Visiting Qashqadaryo (new Uzbek spelling) and Surkhandarya (keeping the old spelling here for the moment) is not as difficult as it once was. Getting around by bus, train and shared taxi is a cinch, and only for the outmost corners do you still need a special permit.
If ancient history is your hobby-horse, you have to start at Termez. The archaeological wealth of the area is great, with sites relating the story of Greek legionnaires, Buddhist monks, Arab and Mongol invaders and a profusion of cosmopolitan traders and wandering men of wisdom. Muslim builders of medieval times have left architectural jewels that almost rival anything you can see elsewhere in the country – without another tourist in sight.
Shahrisabz & Qarshi
The seat of power of Tamerlane, Shahrisabz lost its UNESCO status after the town got bulldozed in 2015 in an effort to touristify the place. With this in mind, you can still enjoy visiting the main monuments for their architectural and historical qualities, in their own right or as a stop-over on the way to Termez. Don’t forget to have a look at the embroidered textiles for sale: they are the best in the country.
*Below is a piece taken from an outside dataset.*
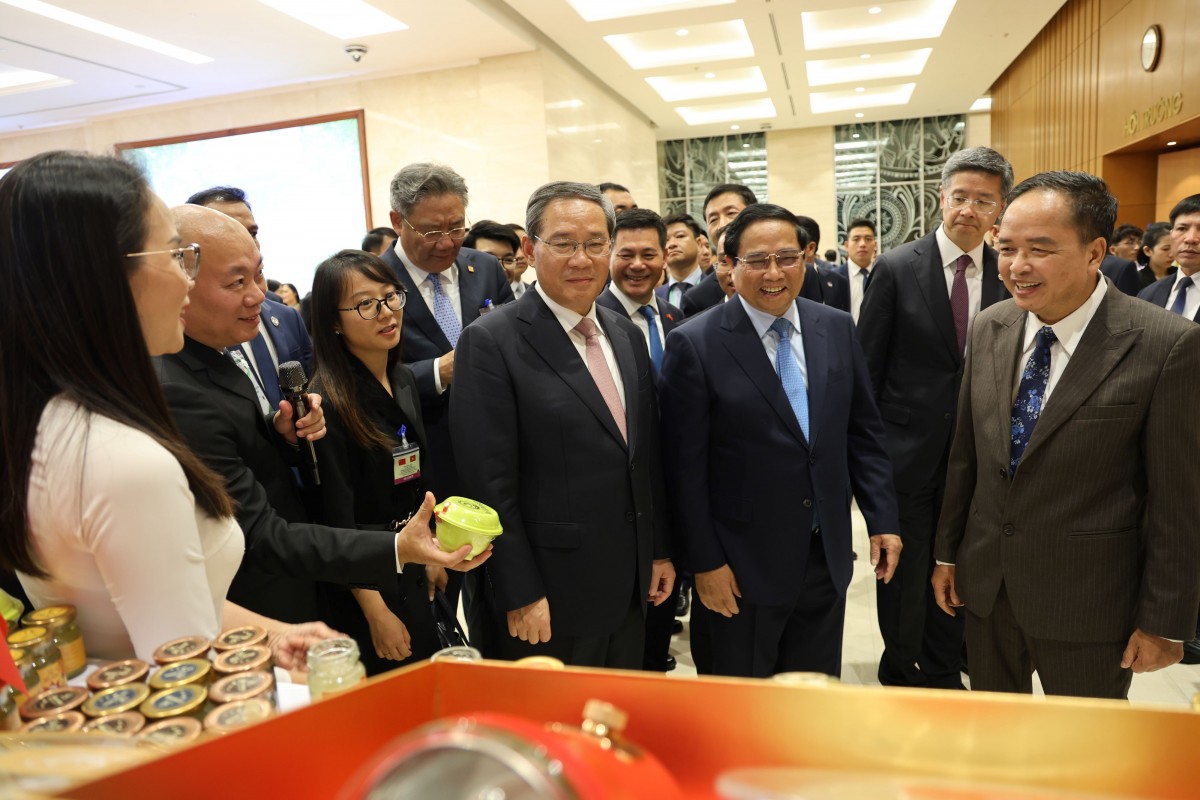 Ảnh: Thủ tướng Phạm Minh Chính và Thủ tướng Trung Quốc tham quan Triển lãm sản phẩm nông nghiệp Việt Nam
Qarshi isn’t a highlight if we are honest. Nice hotels if you need to stop for the night, but really, even for slow travelers: nothing to see. The surroundings offer enough interest for a day trip for those who cannot get enough of Sufi shrines.
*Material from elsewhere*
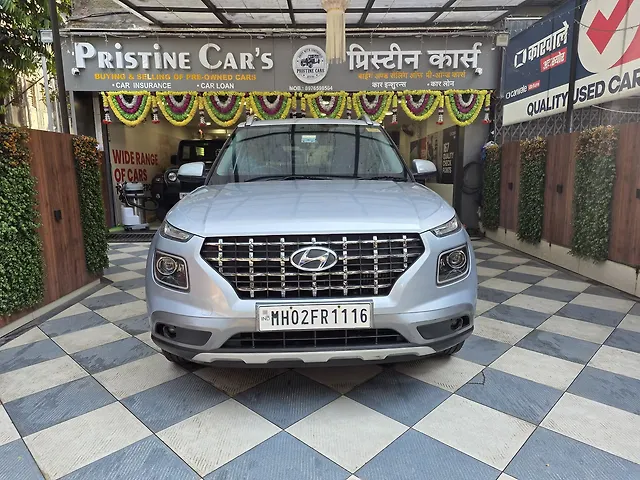 Used 2021 Hyundai Venue in Mumbai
Landscapes and village culture
North of Termez, the baked landscape twists and contorts itself into a mesmerising collage of canyons, cliffs, grottoes, buttes, mesas, peaks and rubble, all rendered in the tawny, inimitable hues of the desert. Sparsely populated Surkhandarya feels a world apart from the rest of Uzbekistan.
Off the highway, transport is more likely to be by donkey than by vehicle, and long mountain walks might lead you through villages that have little contact with the outside world. Temporary bazaars erupt seemingly out of nowhere, blanketing the desert in a pulsating quilt of colour before disappearing. Houses blend seamlessly with the earth from which they were fashioned.
The buff and beige of the desert turns to a verdant surprise in the higher reaches of the Gissar mountains close to the Tajik border. Travelers with a zest for exploration will enjoy themselves here.
Denau, Boysun and Katta Langar provide an entry into this underappreciated part of Uzbekistan.
Most of Uzbekistan is easily transversed by public transport. The same is true for the South, but all the interesting sights are located out of city or town centers. Thus, it makes sense to have your own transport, or to set aside a small budget for a driver to ferry you around.
If you do not speak Russian or Uzbek, communication will be limited: a guide who speaks your language and knows where to go is an extra asset if you can spare the money.
The area is best avoided during summer months, when the heat is murderous.
You might be headed to Denau, where you can cross the border into Tajikistan. From the border, it isn’t far to Dushanbe, in the heart of the Karotegin region. If not, return to the rest of Uzbekistan or continue to Mazar-i-Sharif in Afghanistan.